Red Bull team principal Christian Horner believes his frustration following the aftermath of the British Grand Prix was justified despite Toto Wolff claiming his reaction was personal.
Horner was visibly angry with Lewis Hamilton who collided with Max Verstappen during the opening lap of the race, before going on to win his home event whilst the Dutchman was in hospital. Five days on, Horner thinks his emotions post-race were natural.
"I would like to make it clear," Horner told Red Bull's official website. "This was an on-track incident between two of the best drivers in the world.

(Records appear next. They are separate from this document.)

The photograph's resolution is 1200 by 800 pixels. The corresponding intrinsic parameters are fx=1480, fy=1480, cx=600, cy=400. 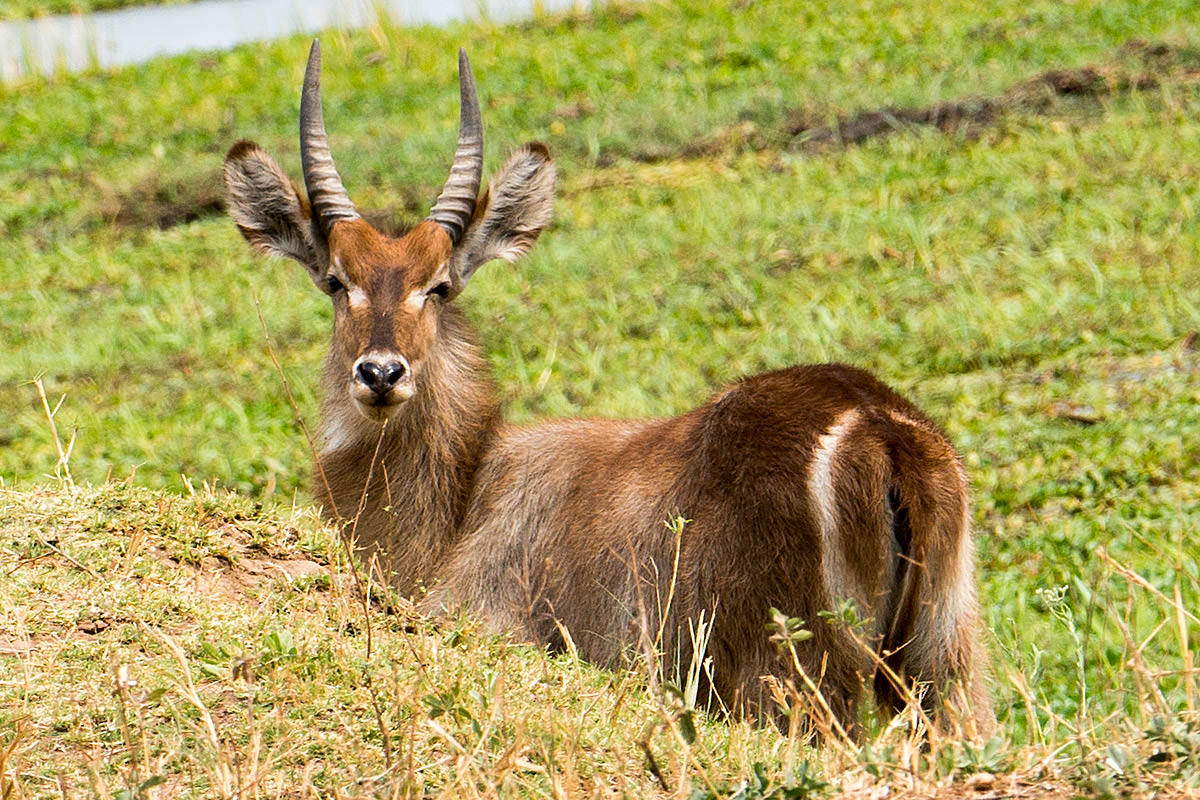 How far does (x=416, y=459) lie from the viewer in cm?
494

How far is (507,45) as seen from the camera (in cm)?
1435

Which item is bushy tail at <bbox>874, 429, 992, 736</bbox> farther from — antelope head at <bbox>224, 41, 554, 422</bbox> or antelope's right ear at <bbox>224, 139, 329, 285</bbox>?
antelope's right ear at <bbox>224, 139, 329, 285</bbox>

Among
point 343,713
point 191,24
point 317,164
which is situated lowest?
point 343,713

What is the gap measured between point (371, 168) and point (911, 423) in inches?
330

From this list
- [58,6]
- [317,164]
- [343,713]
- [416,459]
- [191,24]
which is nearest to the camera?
[343,713]

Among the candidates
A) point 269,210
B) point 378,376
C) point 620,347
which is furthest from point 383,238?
point 620,347

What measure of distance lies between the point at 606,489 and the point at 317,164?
156cm

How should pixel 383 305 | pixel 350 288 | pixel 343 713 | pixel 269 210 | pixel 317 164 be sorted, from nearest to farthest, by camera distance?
pixel 343 713 < pixel 383 305 < pixel 350 288 < pixel 317 164 < pixel 269 210

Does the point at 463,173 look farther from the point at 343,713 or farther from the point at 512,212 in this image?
the point at 343,713

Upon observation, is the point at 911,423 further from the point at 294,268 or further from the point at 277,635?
the point at 294,268

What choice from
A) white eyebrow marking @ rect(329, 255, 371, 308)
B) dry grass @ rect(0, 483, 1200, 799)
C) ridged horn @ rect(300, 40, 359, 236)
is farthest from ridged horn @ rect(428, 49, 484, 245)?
dry grass @ rect(0, 483, 1200, 799)

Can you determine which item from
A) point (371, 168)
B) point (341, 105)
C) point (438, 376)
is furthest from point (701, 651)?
point (341, 105)

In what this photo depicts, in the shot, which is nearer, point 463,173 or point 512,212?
point 463,173

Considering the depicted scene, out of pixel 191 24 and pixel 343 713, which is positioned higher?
pixel 191 24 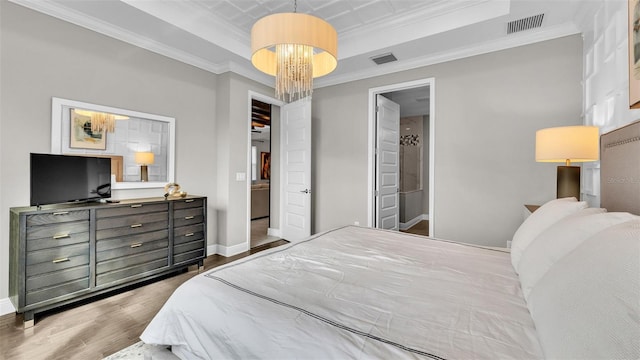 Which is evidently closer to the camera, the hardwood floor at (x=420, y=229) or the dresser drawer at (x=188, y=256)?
the dresser drawer at (x=188, y=256)

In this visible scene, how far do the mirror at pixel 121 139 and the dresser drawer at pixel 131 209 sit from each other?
46cm

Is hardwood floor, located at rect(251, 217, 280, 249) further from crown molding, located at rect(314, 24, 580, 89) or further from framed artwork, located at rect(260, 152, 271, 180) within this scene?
framed artwork, located at rect(260, 152, 271, 180)

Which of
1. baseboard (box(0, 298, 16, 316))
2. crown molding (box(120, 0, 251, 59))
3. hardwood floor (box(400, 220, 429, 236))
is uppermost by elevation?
crown molding (box(120, 0, 251, 59))

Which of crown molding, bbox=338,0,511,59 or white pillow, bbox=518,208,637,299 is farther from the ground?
crown molding, bbox=338,0,511,59

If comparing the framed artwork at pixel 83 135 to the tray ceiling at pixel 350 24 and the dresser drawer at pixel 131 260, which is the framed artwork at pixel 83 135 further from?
the dresser drawer at pixel 131 260

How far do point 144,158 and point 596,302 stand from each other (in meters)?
3.73

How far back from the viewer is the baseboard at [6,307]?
7.17ft

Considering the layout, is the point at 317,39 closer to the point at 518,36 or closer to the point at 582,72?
the point at 518,36

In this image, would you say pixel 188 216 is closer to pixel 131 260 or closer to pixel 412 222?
pixel 131 260

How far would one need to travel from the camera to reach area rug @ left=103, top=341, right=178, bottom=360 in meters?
1.64

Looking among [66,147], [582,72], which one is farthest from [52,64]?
[582,72]

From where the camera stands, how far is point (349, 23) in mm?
3240

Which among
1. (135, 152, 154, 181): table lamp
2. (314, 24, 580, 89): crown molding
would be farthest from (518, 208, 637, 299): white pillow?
(135, 152, 154, 181): table lamp

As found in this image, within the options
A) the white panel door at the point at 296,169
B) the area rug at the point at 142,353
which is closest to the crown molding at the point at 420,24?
the white panel door at the point at 296,169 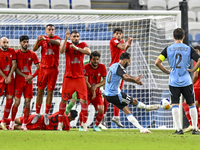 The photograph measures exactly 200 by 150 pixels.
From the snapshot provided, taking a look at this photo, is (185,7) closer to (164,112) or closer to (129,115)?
(164,112)

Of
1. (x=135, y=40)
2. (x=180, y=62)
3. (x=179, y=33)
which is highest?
(x=135, y=40)

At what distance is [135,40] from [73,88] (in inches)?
137

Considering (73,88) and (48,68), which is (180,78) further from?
(48,68)

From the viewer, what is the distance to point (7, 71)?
6.64 metres

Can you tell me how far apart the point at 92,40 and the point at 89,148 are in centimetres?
629

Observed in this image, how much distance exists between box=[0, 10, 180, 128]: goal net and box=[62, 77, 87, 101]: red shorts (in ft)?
7.30

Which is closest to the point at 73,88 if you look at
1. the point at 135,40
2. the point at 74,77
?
the point at 74,77

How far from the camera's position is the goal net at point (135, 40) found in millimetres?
8305

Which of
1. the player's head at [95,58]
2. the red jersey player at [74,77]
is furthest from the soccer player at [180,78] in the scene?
the player's head at [95,58]

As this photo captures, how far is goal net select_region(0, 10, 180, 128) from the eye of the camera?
27.2 ft

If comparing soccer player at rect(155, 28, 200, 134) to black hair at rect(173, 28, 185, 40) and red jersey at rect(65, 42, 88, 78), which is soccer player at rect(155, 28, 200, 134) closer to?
black hair at rect(173, 28, 185, 40)

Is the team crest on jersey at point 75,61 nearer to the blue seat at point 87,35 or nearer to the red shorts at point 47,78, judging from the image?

"At the point in time when you have a driver in hospital and the extent of any injuries have not yet been made clear, your car has been written off and the stewards have penalised the driver seen to be responsible, it is natural that emotion comes into play, for all involved, whether you feel wronged or victorious."
Verstappen is seen as one of the most aggressive drivers in the F1 field which is a trait Horner feels is exaggerated by some, noting that the championship leader has rarely been involved in incidents in the last two years.
"I also felt the narrative that Max was being ‘overly aggressive’ at that stage was unjustified," said Horner. "You only have to look at the fact Max has zero penalty points on his licence and has not been found guilty of any on-track misjudgements in recent years.
"The aggressive 17-year-old F1 rookie Max Verstappen that Hamilton is referring to is not the Max Verstappen of today, just as Hamilton is not the same driver he was when he entered the sport.
"Both drivers are of course uncompromising in their driving style, but they are both highly skilled drivers with a great deal of experience. The reality is that Hamilton has met his match in a car that is now competitive, and I agree that both drivers need to show each other respect, but Hamilton was the aggressor on Sunday."